My Kitchen Table
From failed bakes to confident cakes 🍰
Helping beginners bake & decorate with confidence
Fun, hands-on cake workshops
📍 Mullingar
https://www.mykitchentable.ie/book-online
Five days. Five bakes. So many smiles.
What an incredible week we had at our Junior Bakers Camp!
Over five fun-filled days, these amazing young bakers mixed, whisked, piped and decorated their way through:
🍓 Strawberry & Cream Sponge Cake
🧁 Vanilla Cupcakes
🍫 Chocolate Cake
🤎 Fudgy Brownies
🍪 Sugar Cookies
But the best part wasn’t the cakes…
It was watching their confidence grow with every bake.
They learned new skills, made new friends, encouraged each other, got creative, and left every day so proud of what they’d made.
Seeing their excitement when they held up their finished bakes reminded me exactly why I love doing this. 💛
A huge well done to every single junior baker—you should all be so proud of yourselves!
If your cupcakes are dry, dense, cracked or uneven, it might not be your recipe… it could be your technique.

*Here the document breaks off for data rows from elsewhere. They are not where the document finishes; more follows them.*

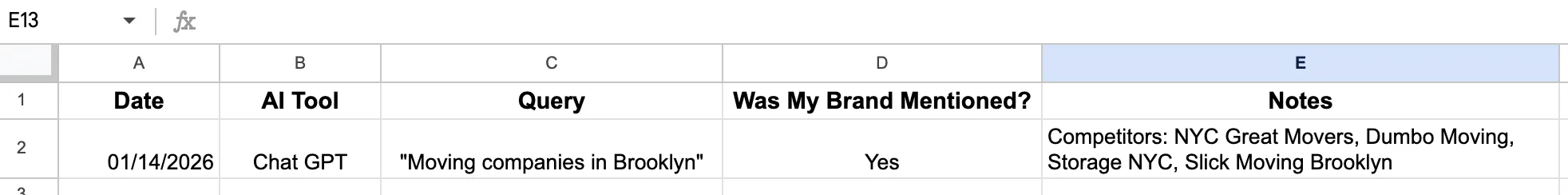 Manual Way: Ask AI What Your Customers Ask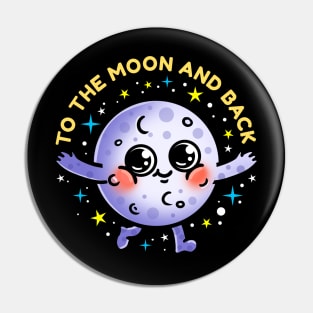 to the moon and back Pin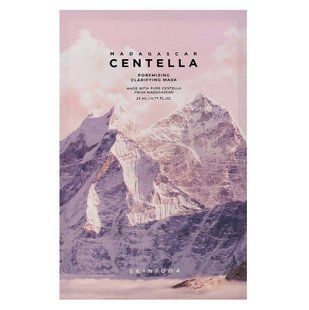 Тканинна маска для звуження пор SKIN1004 Madagascar Centella Poremizing Clarifying Mask M239683 фото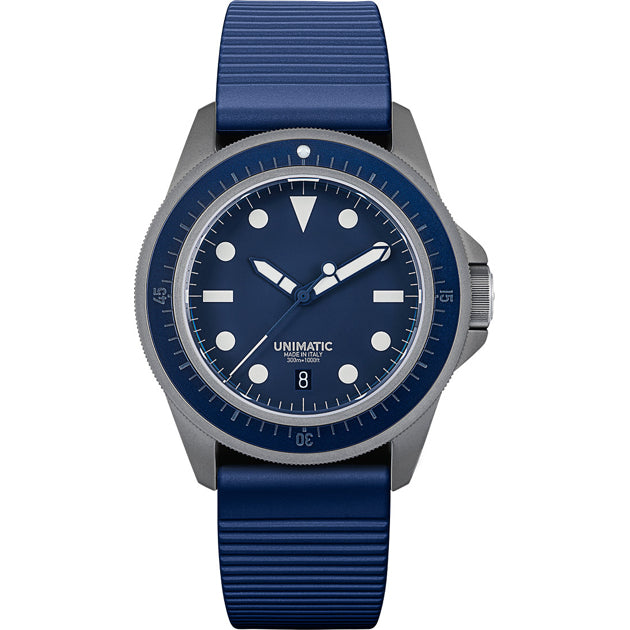 Unimatic Modello Uno U1S-T-MP In Titanium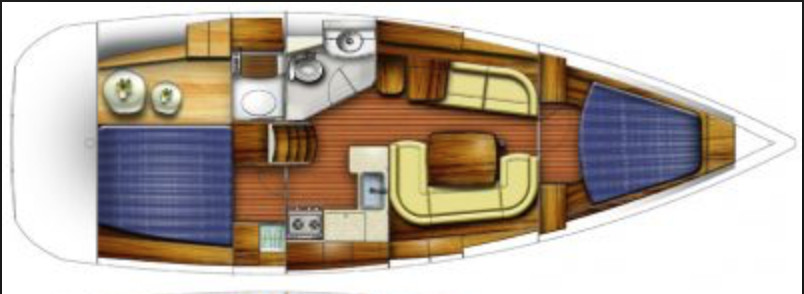 Charter a SUN ODYSSEY 39 I SUN ODYSSEY 39 I in Ajaccio on Samboat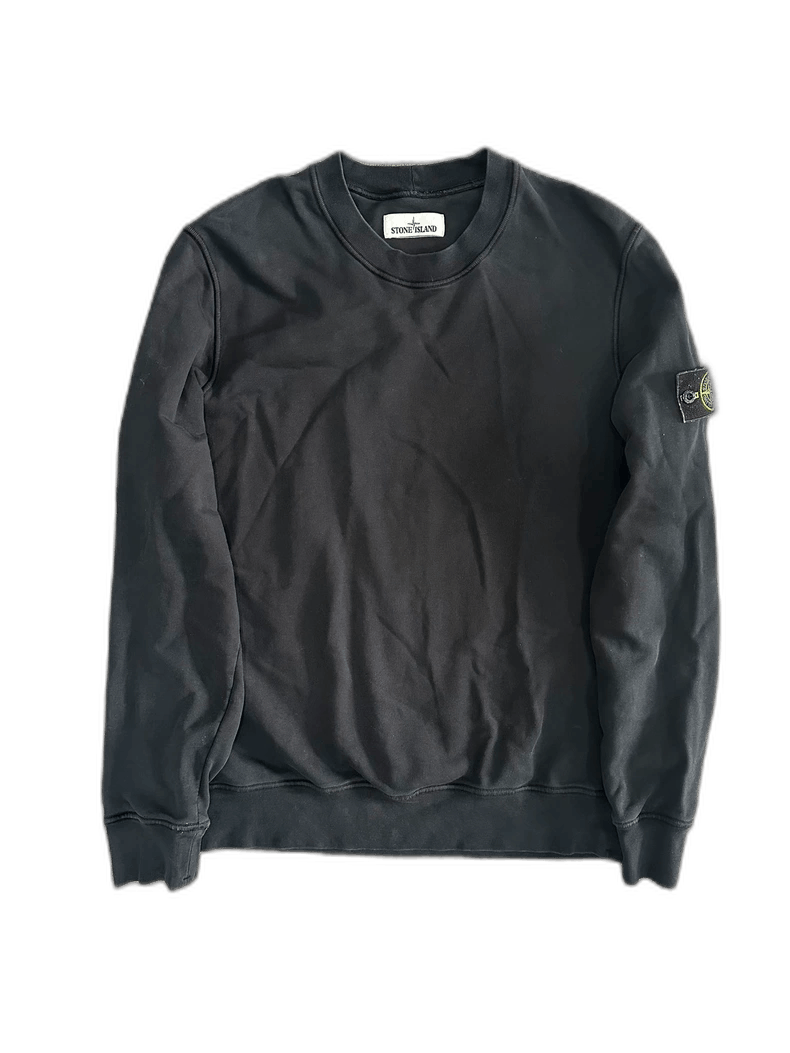 Stone Island Stone Island Black Sleeve Patch Sweatshirt Size US L / EU 52-54 / 3 - 1 Thumbnail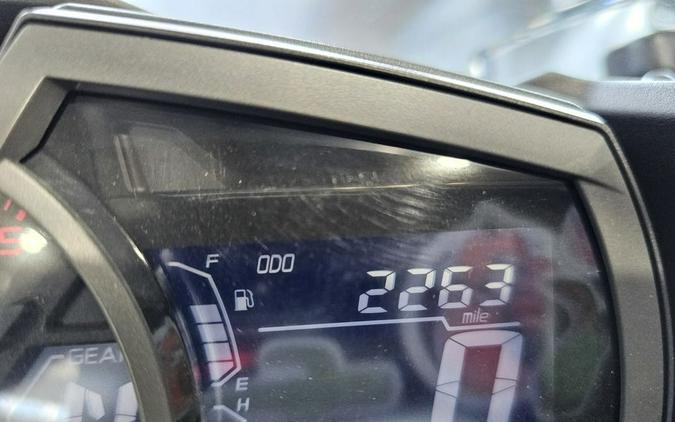 2023 Kawasaki Ninja® 400 ABS Matrix Camo Gray/Metallic Matte Carbon Gray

Here are 5 things to avoid:
❌ Using cold ingredients
Room temperature ingredients mix together more evenly and create a smoother batter.
❌ Overmixing after adding the flour
Mix just until combined. Overmixing develops gluten, giving you heavy, dense cupcakes.
❌ Overfilling your cupcake liners
Aim for around ⅔ full (or the amount your recipe recommends) to help prevent overflowing and cracked tops.
❌ Putting them into a cold oven
Always preheat your oven so your cupcakes rise evenly from the start.
❌ Leaving them in the tin too long
Let them rest for about 5 minutes, then transfer them to a wire rack to cool completely.
Perfect cupcakes aren’t just about having a great recipe…they’re about building good baking habits.
Creaming butter and sugar isn’t just mixing…
it’s what gives your cake its light, soft texture
When done properly, it should be:
• lighter in colour
• smooth
• slightly fluffy
If it still looks yellow and dense, it needs more time.
This step adds air into your batter and that’s what helps your cake rise and stay soft.
Get this right, and you’ll notice a big difference in your bakes.
Cake 101: What NOT to do when mixing flour for a cake
The moment flour goes into your batter, everything changes.
This is where I see so many beginner bakers accidentally ruin an otherwise perfect cake.
Here’s what NOT to do:
❌ Don’t dump all the flour in aggressively
Add it gently (especially if alternating with liquids) so it incorporates evenly.
❌ Don’t beat it on high speed
Once flour goes in, mix on low speed or fold gently.
❌ Don’t keep mixing until “extra smooth”
A perfectly silky batter is not the goal here.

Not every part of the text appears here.